We've also visited the Khan El Khalili, one of the oldest bazaars in the world. The narrow alleys house hundreds of shops selling almost anything imaginable, and one of the many restaurants, El Fishawy, has reportedly been open continuously, day and night, for more than 200 years.
We dropped by the City of the Dead, a walled 4-mile-long cemetery filled with tombs, crypts and coffins, and more than 1 million living residents. The burgeoning poor population and nationwide housing crisis have resulted in an influx of people who sleep in tombs, dry laundry on strings hung between headstones and use grave markers as desks.

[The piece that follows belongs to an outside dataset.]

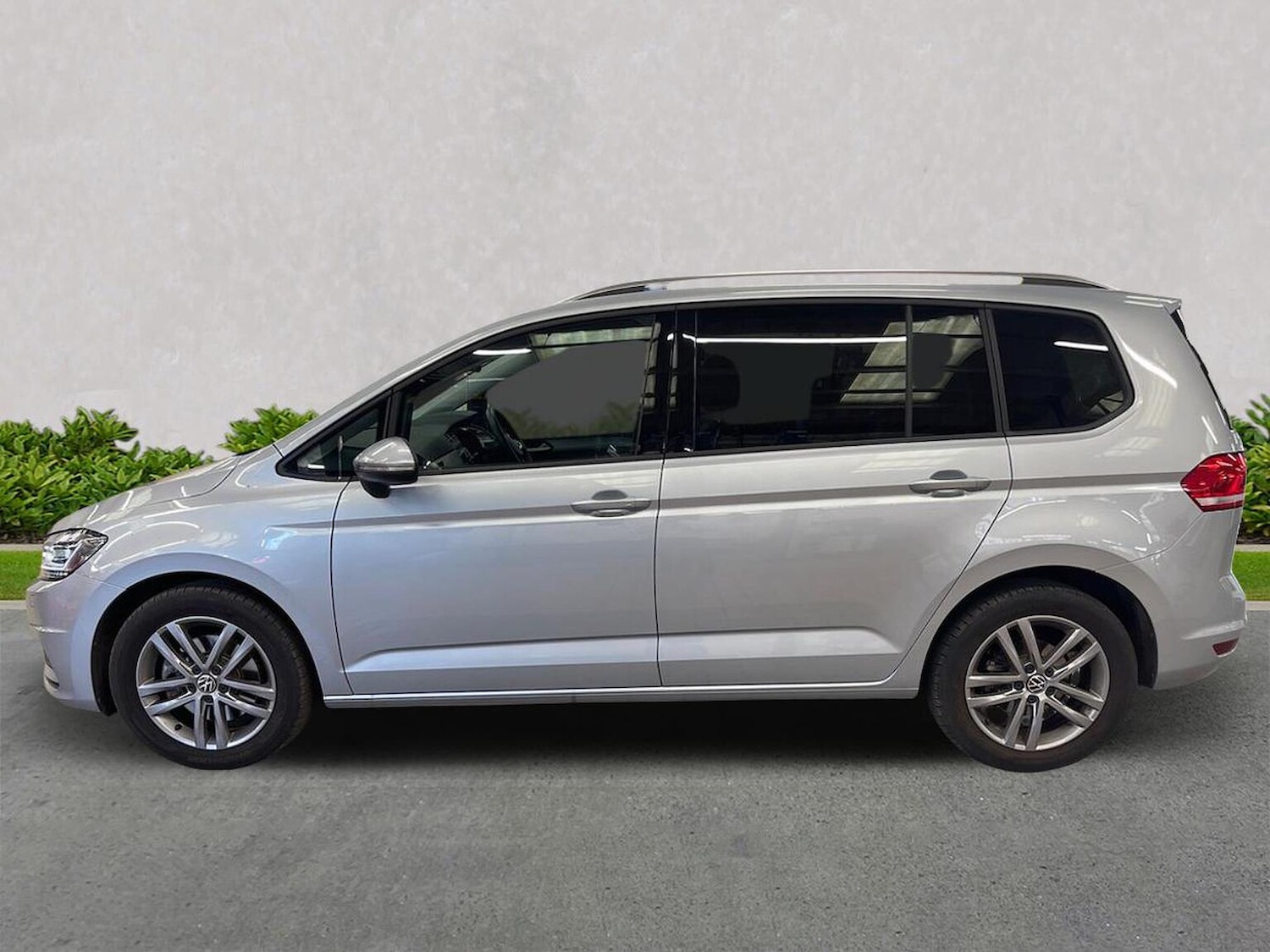 Used Volkswagen Touran 2024 for sale - 76019508: Photo 19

In Old Cairo, we toured an ancient Christian church, a mosque and a synagogue that are all within easy walking distance of each other. Before the advent of Islam in the seventh century, Christianity was the most widely practiced religion in Egypt. Today the country is about 80 to 90 percent Islamic and 5 to 10 percent Christian, with a tiny Jewish community and numerous other religions represented. From what we saw, the various religions coexist peacefully under Egypt's moderate government.
Tomorrow we'll return to the New World, which will undoubtedly seem even newer than when we left. We will bid a fond farewell to Hany, our friend and Egyptologist extraordinaire, who guided and enlightened our group as we toured the land that he loves so dearly. More than a little of his appreciation for antiquity and the Golden Age of the Pharaohs rubbed off on us.
I will remember the sands of the Sahara, the hot sun on my face, and the life-giving Nile. And I'll remember my visit to the Royal Mummy Room and this mute fellow before me who was called Ramses II. When much of the world was in darkness and chaos, he ruled in prosperity and erected magnificent structures that are still celebrated 31 centuries later.
Time and Hollywood have not been kind to him since, but for that brief moment when his eyes were open, he saw his empire shine brighter than all the rest.